The Backfire Effect in Action
The backfire effect is a cognitive bias that occurs in an individual brain, either during group polarization or independently. The term “backfire effect” was first used by Brendan Nyhan and Jason Reifler in their 2006 paper “When Corrections Fail: The Persistence of Political Misperceptions,” with a revised version published in Political Behavior in 2010 (doi: 10.1007/s11109-010-9112-2).
In one experiment, participants were given an article containing a false fact. One group received only the false information, while another group received the same article with a correction at the end. Participants were then asked factual questions and for their opinions. The false fact used was the claim that Iraq had weapons of mass destruction before the U.S. invasion, followed by a correction. The article included a real quote from President Bush in October 2004, which implied the existence of such weapons.
Another study tested whether public support for the Iraq invasion was driven by fear of death after 9/11 and repeated media references to mortality (“mortality salience”).
The results largely confirmed the backfire effect. Corrections had little to no effect on average, but when political views were considered, a clear polarization emerged. People with very liberal views were less likely to believe the false claim after seeing the correction, while conservatives paradoxically became even more convinced that Iraq had weapons of mass destruction. In other words, official corrections only strengthened their original beliefs.
Corrections had no statistically significant effect on people with moderately liberal or centrist views. Researchers highlighted the surprising effect corrections had on conservatives—those whose core beliefs were challenged. This is a clear demonstration of the backfire effect.
Experts interpret this as a difference in trust toward information sources. People who experience the backfire effect likely trust the source of the false information more than the source of the correction. Receiving new, truthful information from a less-trusted source only reinforces their trust in the original, false source and their pre-existing beliefs.
Subsequent experiments have confirmed the backfire effect as a cognitive bias, especially among people with deeply held beliefs. When confronted with information that contradicts their views, they become even more entrenched.

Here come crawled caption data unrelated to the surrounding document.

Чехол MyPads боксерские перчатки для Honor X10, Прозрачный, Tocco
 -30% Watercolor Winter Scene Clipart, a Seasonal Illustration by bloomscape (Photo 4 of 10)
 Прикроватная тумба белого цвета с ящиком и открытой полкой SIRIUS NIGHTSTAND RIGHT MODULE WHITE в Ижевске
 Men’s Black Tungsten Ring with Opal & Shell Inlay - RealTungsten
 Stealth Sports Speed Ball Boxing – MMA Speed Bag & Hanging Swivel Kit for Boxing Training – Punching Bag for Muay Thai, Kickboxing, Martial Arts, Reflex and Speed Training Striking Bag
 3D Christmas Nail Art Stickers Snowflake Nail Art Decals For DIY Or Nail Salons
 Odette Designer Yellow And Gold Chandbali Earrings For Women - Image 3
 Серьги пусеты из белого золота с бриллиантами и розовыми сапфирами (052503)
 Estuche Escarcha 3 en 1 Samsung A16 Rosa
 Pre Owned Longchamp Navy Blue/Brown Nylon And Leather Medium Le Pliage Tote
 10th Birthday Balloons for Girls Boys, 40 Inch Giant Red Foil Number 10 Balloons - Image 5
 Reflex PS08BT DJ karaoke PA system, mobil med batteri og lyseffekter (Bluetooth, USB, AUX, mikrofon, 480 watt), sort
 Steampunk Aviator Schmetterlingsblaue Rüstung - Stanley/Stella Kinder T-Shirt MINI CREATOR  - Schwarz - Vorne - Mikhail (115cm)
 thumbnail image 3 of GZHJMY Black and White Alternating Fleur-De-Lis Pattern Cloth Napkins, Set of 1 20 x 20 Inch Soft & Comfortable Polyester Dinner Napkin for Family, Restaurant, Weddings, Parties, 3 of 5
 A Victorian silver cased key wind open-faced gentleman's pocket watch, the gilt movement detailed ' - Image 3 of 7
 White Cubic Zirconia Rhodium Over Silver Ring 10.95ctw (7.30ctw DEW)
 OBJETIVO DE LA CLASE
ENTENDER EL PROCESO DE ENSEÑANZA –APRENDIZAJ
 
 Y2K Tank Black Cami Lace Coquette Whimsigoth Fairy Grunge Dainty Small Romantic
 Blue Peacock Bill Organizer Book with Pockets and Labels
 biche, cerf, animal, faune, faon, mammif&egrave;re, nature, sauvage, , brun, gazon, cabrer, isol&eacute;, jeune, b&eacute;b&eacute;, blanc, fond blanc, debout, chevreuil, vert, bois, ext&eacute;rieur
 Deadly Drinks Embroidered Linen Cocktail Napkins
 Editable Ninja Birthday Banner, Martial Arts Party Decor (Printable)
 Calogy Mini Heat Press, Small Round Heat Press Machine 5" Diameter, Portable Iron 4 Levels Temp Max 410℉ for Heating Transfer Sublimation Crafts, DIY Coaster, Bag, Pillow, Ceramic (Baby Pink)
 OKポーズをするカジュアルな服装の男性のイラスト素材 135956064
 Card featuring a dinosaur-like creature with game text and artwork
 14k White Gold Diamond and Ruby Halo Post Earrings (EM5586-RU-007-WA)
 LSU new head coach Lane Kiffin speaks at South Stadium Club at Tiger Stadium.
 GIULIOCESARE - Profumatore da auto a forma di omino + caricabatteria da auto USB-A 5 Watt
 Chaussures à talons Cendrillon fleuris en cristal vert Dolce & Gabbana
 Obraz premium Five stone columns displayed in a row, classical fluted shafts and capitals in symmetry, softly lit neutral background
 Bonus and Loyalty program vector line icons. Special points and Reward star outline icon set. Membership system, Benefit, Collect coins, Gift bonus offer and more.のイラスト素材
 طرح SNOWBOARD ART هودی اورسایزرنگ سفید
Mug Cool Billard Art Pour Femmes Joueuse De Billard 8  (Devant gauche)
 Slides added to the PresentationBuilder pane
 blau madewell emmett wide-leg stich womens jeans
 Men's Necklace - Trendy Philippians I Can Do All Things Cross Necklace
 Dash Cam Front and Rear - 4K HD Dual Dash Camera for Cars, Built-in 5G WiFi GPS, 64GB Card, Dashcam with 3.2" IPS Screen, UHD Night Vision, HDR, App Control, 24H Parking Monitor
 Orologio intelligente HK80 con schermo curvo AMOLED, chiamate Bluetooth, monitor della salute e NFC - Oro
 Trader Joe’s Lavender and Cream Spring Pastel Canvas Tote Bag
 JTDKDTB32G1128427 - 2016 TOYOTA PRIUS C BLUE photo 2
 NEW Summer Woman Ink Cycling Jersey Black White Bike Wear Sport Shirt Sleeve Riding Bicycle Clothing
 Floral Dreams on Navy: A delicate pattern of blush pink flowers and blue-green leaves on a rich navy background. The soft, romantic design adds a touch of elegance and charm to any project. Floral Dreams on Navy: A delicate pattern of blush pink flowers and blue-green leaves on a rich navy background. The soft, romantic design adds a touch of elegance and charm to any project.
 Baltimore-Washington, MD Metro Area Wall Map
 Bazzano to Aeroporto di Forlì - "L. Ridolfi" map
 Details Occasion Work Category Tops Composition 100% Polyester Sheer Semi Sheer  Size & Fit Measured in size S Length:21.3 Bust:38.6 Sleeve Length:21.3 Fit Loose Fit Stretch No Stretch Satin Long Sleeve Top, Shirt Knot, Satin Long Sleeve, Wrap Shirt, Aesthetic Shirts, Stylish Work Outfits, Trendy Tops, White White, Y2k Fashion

fMRI Results: The Brain’s Response to Contradictory Information
In 2016, neuroscientists Jonas T. Kaplan, Sarah I. Gimbel, and Sam Harris from the University of Southern California’s Brain and Creativity Institute conducted an fMRI study on people with strong political beliefs. Participants were shown facts that contradicted their beliefs while their brain activity was monitored. The researchers found that the same brain areas activated as when facing a physical threat. The results were published in Nature (doi: 10.1038/srep39589).
Brain scans showed that areas highlighted in red and yellow were activated when participants encountered facts contradicting their political beliefs. Blue and green areas were activated when non-political beliefs were challenged.
In simple terms, during political arguments, the rational part of the brain can “shut down.” When people are faced with the possibility that their political beliefs might be wrong, they react instinctively, as if facing a physical threat.
“The reaction we see in the brain is very similar to what would happen if someone encountered a bear in the woods,” explained Sarah Gimbel in the podcast You Are Not So Smart — 93. The Backfire Effect — Part One. “Your brain generates an instant, automatic fight-or-flight response, and your body prepares to defend itself.”
According to the researchers, some values are so central to a person’s identity that the brain treats abstract ideas as threats to physical existence. “Remember, the brain’s first and foremost job is protection,” says Jonas Kaplan. “The brain is a big, complex, and sophisticated self-defense machine—not just for physical protection, but for psychological self-defense as well. Once something becomes part of our psychological self-identity, I think it falls under the same protective mechanisms the brain uses for the body.”
Modern psychology and neuroscience have studied how neutral facts can become part of a person’s psychological self-identity, sometimes intentionally through state ideology. Even technical or scientific topics, like air temperature or CO2 levels, can become politicized and trigger these mechanisms.
How the Brain Changes Beliefs
The USC researchers also studied what happens in the brain when beliefs change. They found a small area in the orbitofrontal cortex whose activity positively correlated with the degree of belief change (area A in their illustration). Another area in the dorsomedial prefrontal cortex negatively correlated with belief change (area B). A bar chart (C) showed the average degree of belief change by topic.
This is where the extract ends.